Because it truly is _our _family. We're related and it creates an unending bond between us, a tangible connection that supports what we've known all along. But it's also a millstone around our necks, a curse and a burden that will forever be ours and ours alone.

What we have are these. Stolen moments, embalmed forever in perfect, crystalline memory. What we have is each other and if that isn't enough, I'm not sure what else there can be.

"Claire?" He asks, catching my stare. He waggles his eyebrows, wanting to make me laugh but it's one of those moments when my heart breaks just looking at him. Seeing so plainly what was both good and wrong about my life. His breath hitches and he casts his mind through mine, sifting through my thoughts, perfectly at home in me.

My heart sings because he's in me – _in me ­– _like he should always be. In these stolen moments we're one, we're whole, and nothing can come between us.

The sensation's odd, but addictive. He's found some other way to be inside me, of making our connection whole, besides the way that was Wrong, and Bad. It's been so many years and I've conditioned myself to think of it that way, of it being Wrong and Bad, and that lessens my torment a little.

Only a little. In the witching hours of the night it comes back. Haunts me in dreams, spectres of a life that should have been rising up and it's only then I can get release from the pressure, the claustrophobic repression that I'll cling to for the rest of my unnaturally long life.

He sees. He feels what's inside me, and it's always the same. Happens over and over, and the sensible, rational thing for us should be sever all ties, forget this tenuously insistent connection that so binds us, dictates our passions and feelings, made of us its slaves. Second after second, minute after minute, day after day.

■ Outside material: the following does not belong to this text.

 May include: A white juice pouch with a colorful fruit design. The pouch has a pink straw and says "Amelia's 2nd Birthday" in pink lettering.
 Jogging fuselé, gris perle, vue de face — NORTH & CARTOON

We should sever that bond, but we don't. Have only ever once contemplated separating our existence. That had been an experiment, something neither of us were keen to replicate. Every once in a while Angela tries, and Heidi as well. We don't budge, not even at Nathan's insistence. Our intimacy is incomprehensible to everyone besides ourselves, and that's the way it should be.

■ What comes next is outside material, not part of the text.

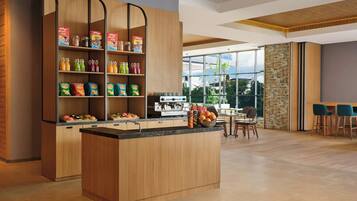 A modern kitchen with wooden cabinetry, a central island, and a breakfast bar. There are shelves with various food items and a large window providing a view of the outdoors.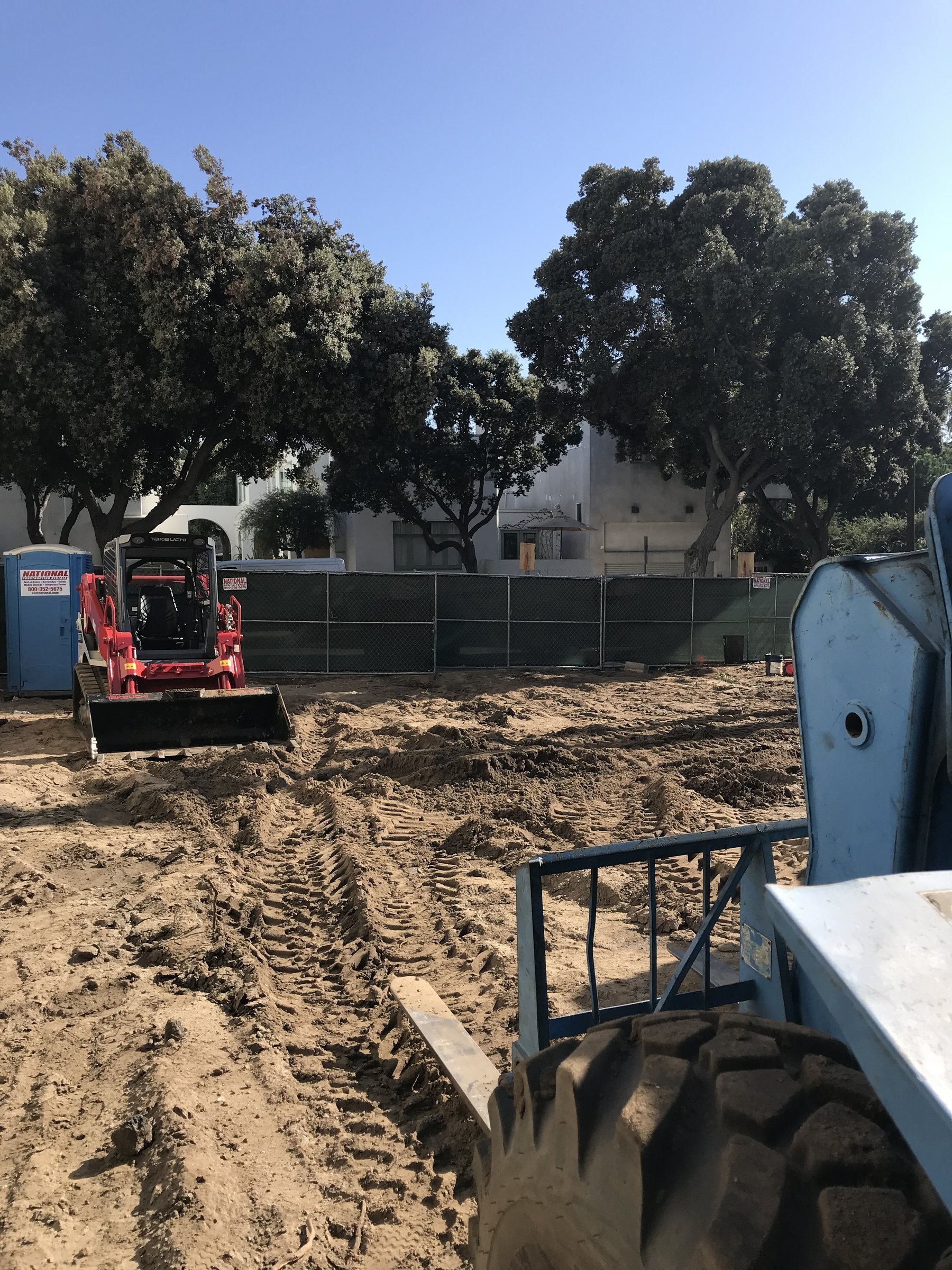 [new-construction] Compact track loader grading a construction site in Santa Monica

I know the others suspect. Illicit feelings are hard to hide amongst family and close friends. But we've never crossed that line, we can't. We need each other too much to destroy what we have, even at the risk of our sanity. It's more than a question of morality, it's a question of love, and choice, and what we've chosen is a half life. But it's a half life with each other, and we take what we can get.

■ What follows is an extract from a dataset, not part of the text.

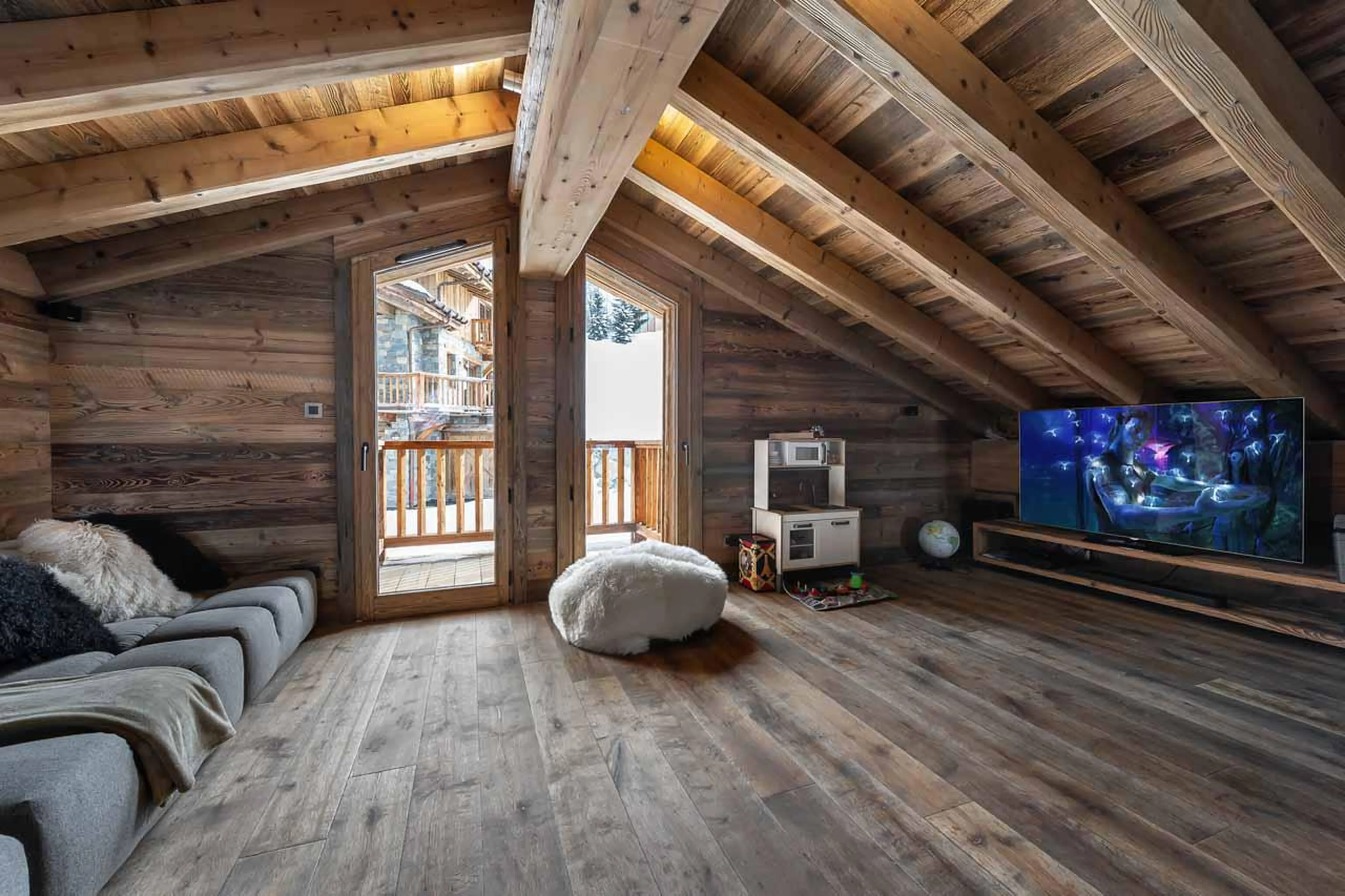 Mezzanine TV lounge at  Chalet Pure Black Crystal in St Martin de Belleville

Stolen moments are all we have.

_"Claire." _He breathes, and I can almost feel his breath brush against my ear. His touch is light and soft as a feather, tickling my insides like silken thread against freshly washed skin. I adore that feeling, of his thoughts twisting into mine, melding us into one being that awakens in each other's embrace.

_"I feel you."_

_"I know." _I feel his laugh, golden sunshine breaking through clouds after a summer storm and its delicious, wonderful and oh so warm. _"Where shall we go today?" _

My giggle sounds girlish even to my own ears and I forget for a while where we are. Where we've been. _"I want to go to the beach." _I demand impishly, reaching out to trace lazy circles on his arm. _"Take me to the beach Peter." _

His breath hitches at the touch and I have to catch my breath. His excitement courses through me, because we are one and he feels me, and I feel him. We feel everything about and in each other. _"You're a __Texas__ girl. Why the beach?" _

_"Because." _

_"Because?" _

I close my eyes and suddenly we're there, together, at a beach next to a pier. I recognize its somewhere near Santa Monica although I've never been there. I've never been anywhere near the West Coast but it's from a postcard that Peter keeps in his room, on the wall. He's got a collage of places he loves and his voice rings to me from the vaults of my memory. It's sweet and true, telling me how he'd take me there one day, when time permitted. I knew then that we'll get there one day, because time is all we have, times doesn't matter to people like us. _"Do you like it?"_

_"Is it –?"_

He nods. _"__Santa Monica__." _He takes my hand and there's nothing to distinguish it from the real thing, and sometimes I catch myself wondering whether this is more real than life on the outside. When inside we've got each other and there's nothing standing between us, forever tearing us apart. Sometimes I wonder whether this is truly reality, and the other life a dream.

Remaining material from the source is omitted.